Task to carry out>
Span requested from the data below: the line with "Syringe near NAD+" through the line with "Black and grey", both included. Give only these lines again, exactly, and leave every picture out.

Data in this exercise>
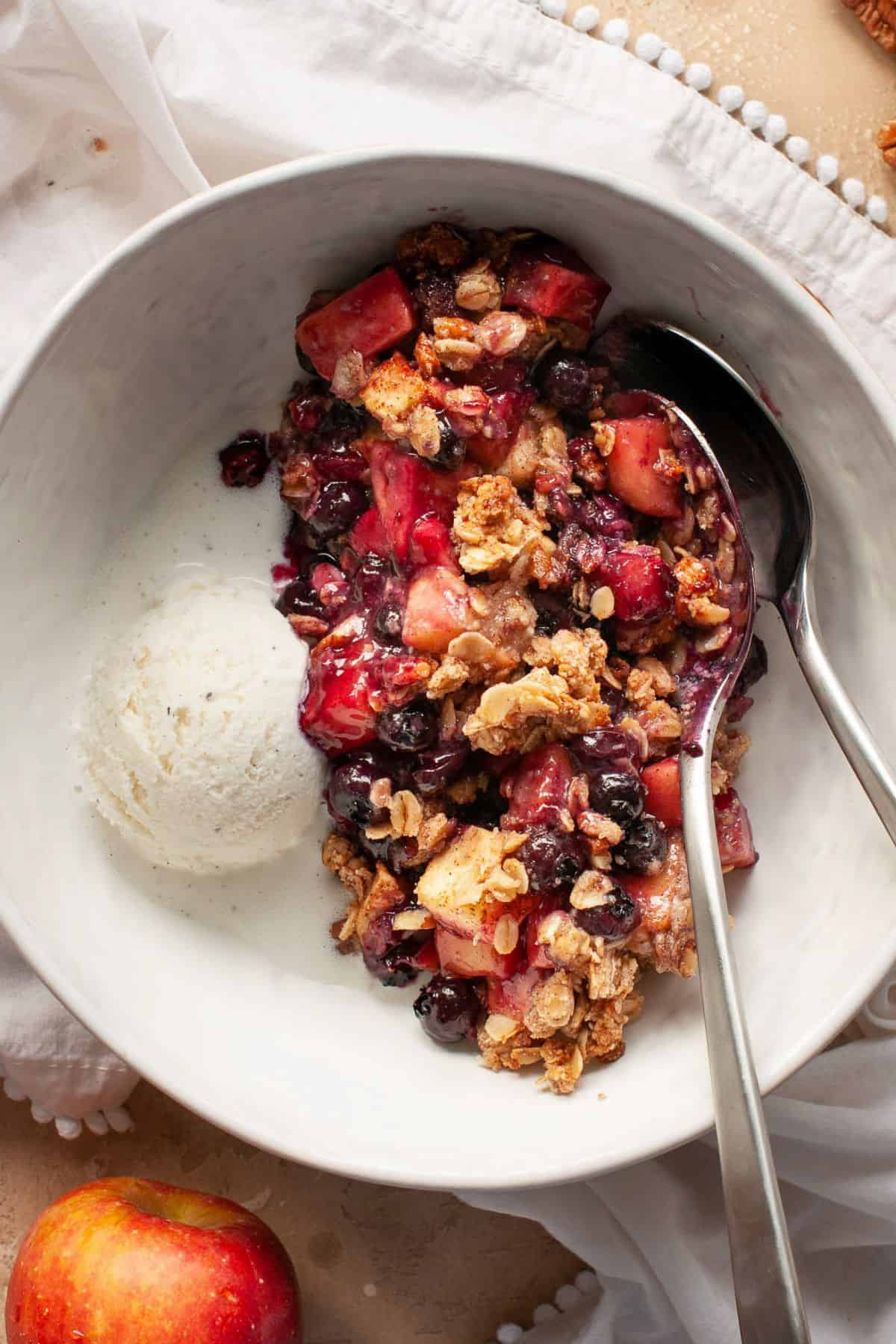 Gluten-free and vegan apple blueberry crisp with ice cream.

---

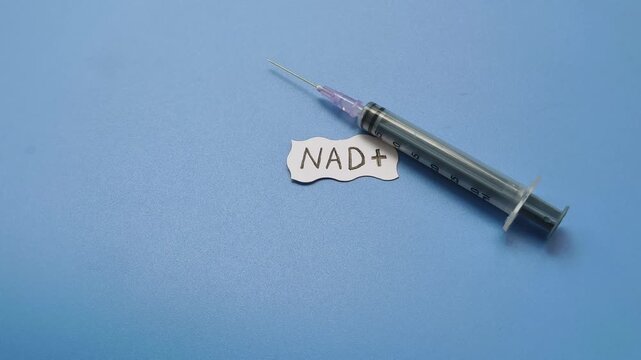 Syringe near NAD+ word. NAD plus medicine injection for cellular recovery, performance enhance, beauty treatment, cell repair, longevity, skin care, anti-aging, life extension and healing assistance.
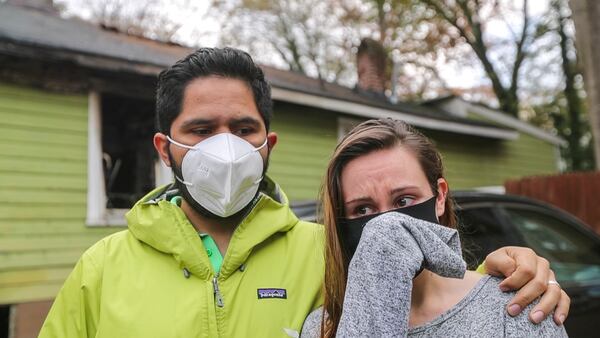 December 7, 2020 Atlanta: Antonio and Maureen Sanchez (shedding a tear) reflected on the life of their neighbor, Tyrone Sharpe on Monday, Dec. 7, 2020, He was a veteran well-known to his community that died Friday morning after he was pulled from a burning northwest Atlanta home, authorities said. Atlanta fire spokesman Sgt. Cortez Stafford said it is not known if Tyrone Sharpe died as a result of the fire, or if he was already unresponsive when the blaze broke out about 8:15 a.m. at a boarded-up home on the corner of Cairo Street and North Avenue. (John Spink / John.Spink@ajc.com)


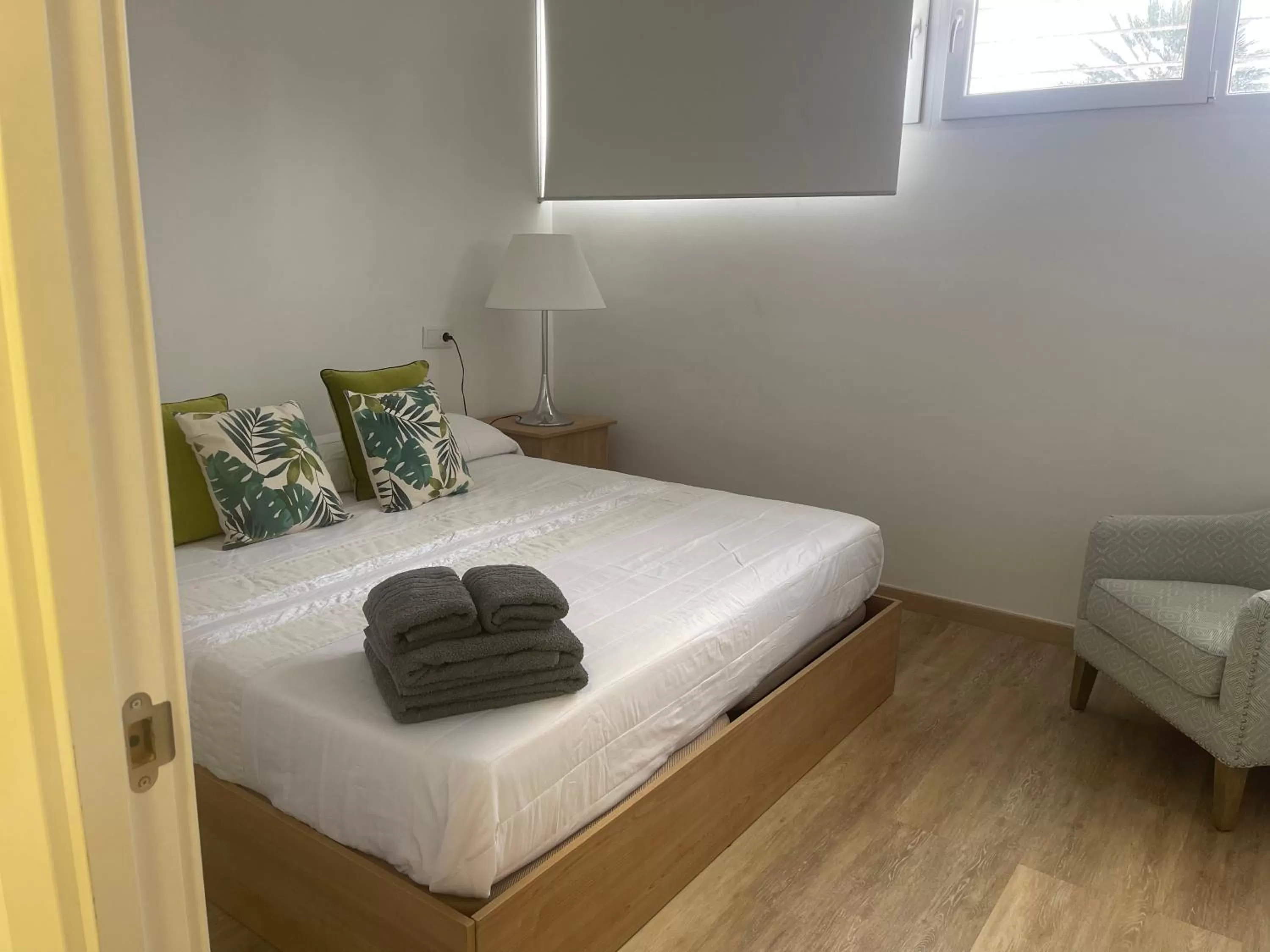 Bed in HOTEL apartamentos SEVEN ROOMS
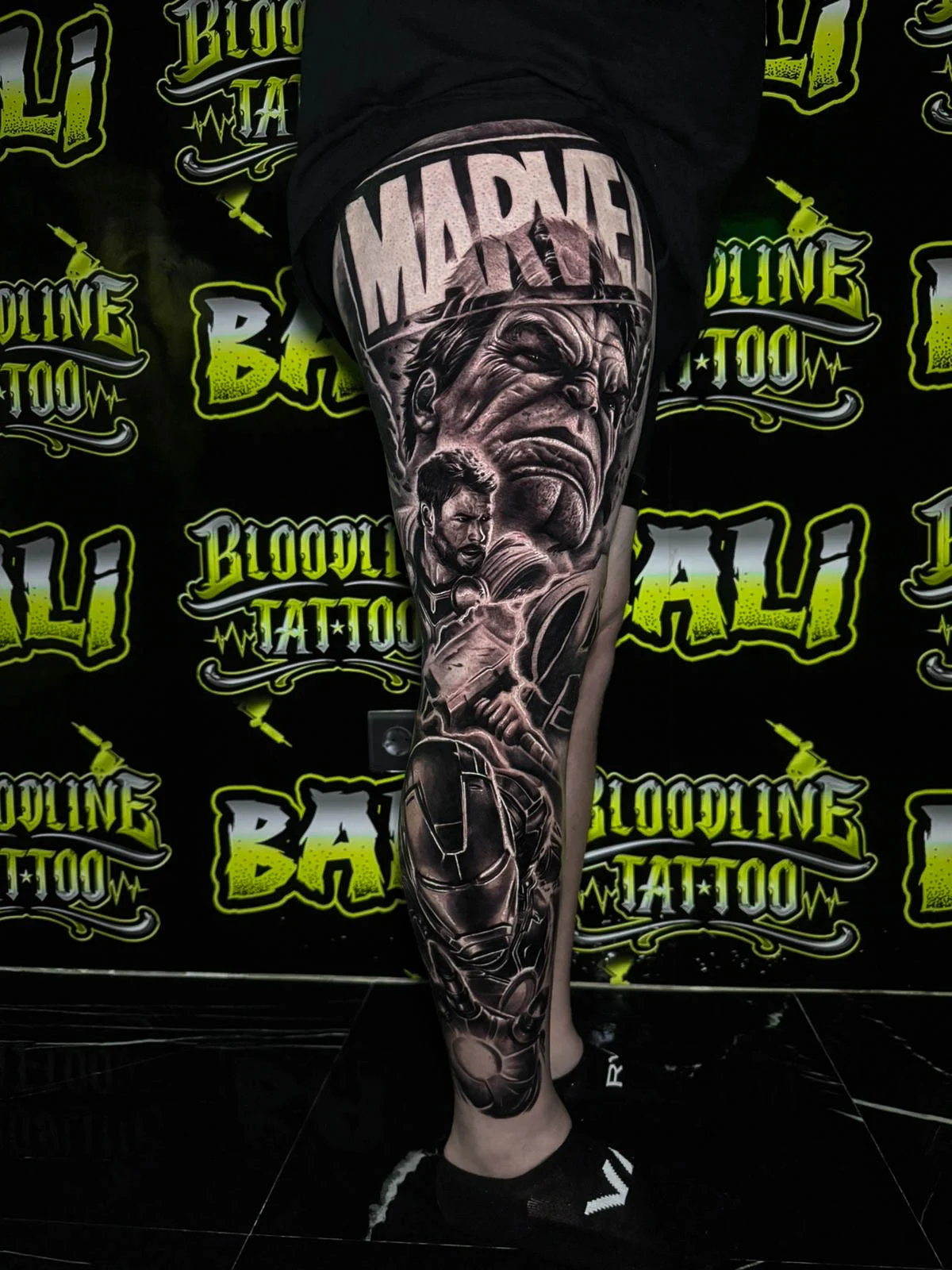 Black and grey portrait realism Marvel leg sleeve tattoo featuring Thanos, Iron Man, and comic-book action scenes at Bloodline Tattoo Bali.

Answer to the exercise>
 Syringe near NAD+ word. NAD plus medicine injection for cellular recovery, performance enhance, beauty treatment, cell repair, longevity, skin care, anti-aging, life extension and healing assistance.
 December 7, 2020 Atlanta: Antonio and Maureen Sanchez (shedding a tear) reflected on the life of their neighbor, Tyrone Sharpe on Monday, Dec. 7, 2020, He was a veteran well-known to his community that died Friday morning after he was pulled from a burning northwest Atlanta home, authorities said. Atlanta fire spokesman Sgt. Cortez Stafford said it is not known if Tyrone Sharpe died as a result of the fire, or if he was already unresponsive when the blaze broke out about 8:15 a.m. at a boarded-up home on the corner of Cairo Street and North Avenue. (John Spink / John.Spink@ajc.com)


 Bed in HOTEL apartamentos SEVEN ROOMS
 Black and grey portrait realism Marvel leg sleeve tattoo featuring Thanos, Iron Man, and comic-book action scenes at Bloodline Tattoo Bali.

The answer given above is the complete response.